> Exercise brief: Return only the lines of the listing below that run from the line with "-鼎原力量东北吊炉烧烤(临河街店)" through the line with "5TFAX5GN7MX191721 TOYOTA TACOMA 2021", both ends included, exactly as written.

> Supplied entries:
Segment Open

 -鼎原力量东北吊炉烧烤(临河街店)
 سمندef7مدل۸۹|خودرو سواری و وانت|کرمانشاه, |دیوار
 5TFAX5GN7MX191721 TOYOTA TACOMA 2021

Segment Closed
Segment Open

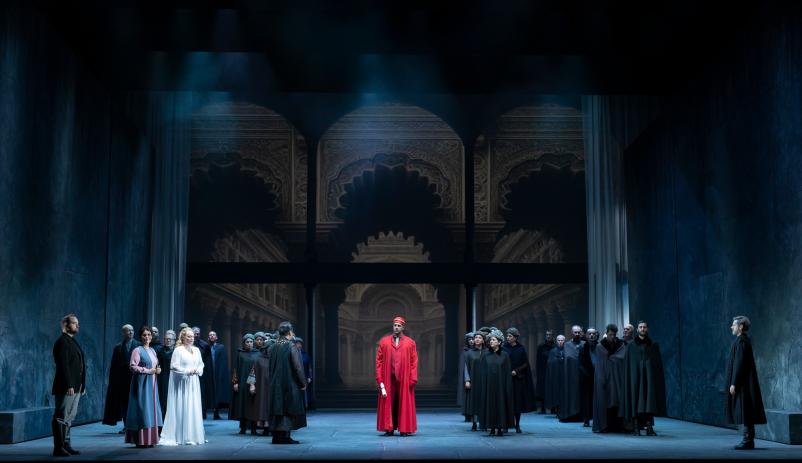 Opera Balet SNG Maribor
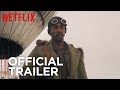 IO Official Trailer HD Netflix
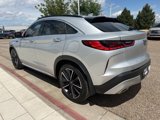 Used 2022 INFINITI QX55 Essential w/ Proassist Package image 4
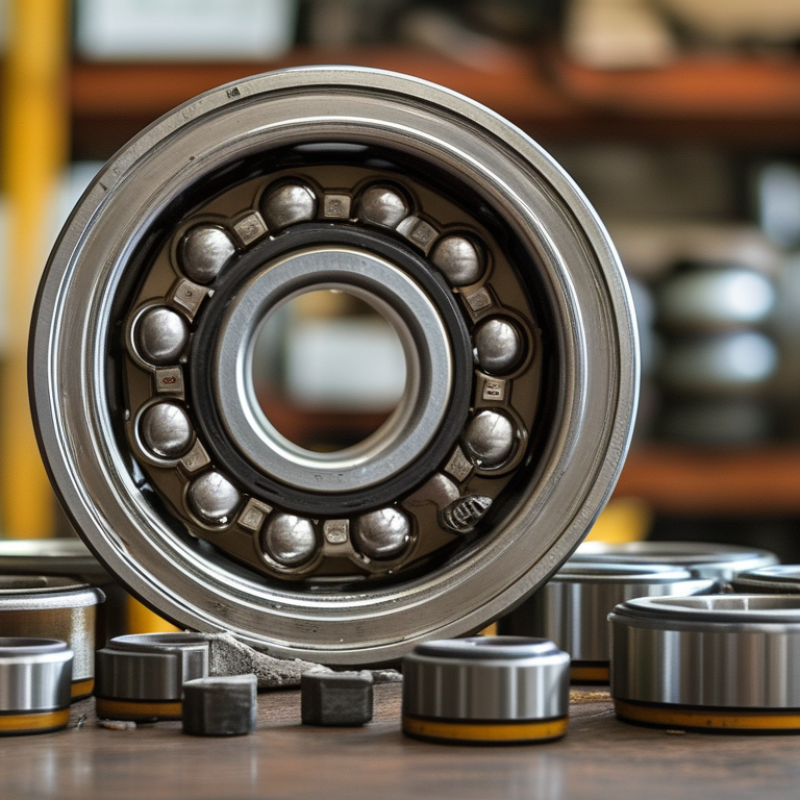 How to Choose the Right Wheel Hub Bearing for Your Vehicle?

Segment Closed
Segment Open

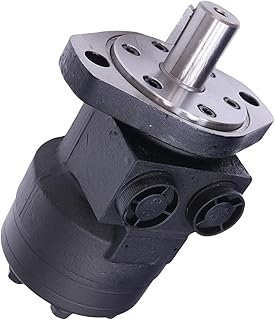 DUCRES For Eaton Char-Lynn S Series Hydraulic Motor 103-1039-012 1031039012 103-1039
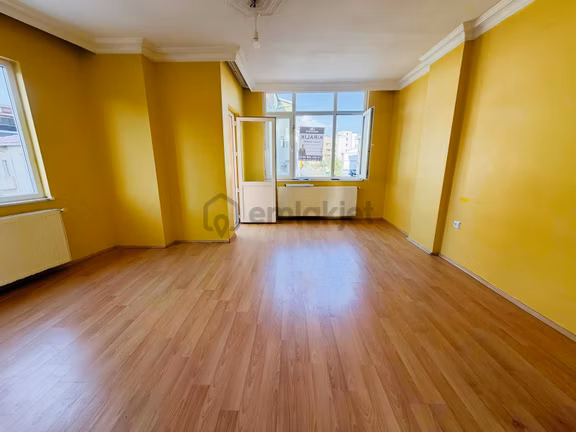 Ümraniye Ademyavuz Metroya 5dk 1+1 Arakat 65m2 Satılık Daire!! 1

Segment Closed

> Reply:
 -鼎原力量东北吊炉烧烤(临河街店)
 سمندef7مدل۸۹|خودرو سواری و وانت|کرمانشاه, |دیوار
 5TFAX5GN7MX191721 TOYOTA TACOMA 2021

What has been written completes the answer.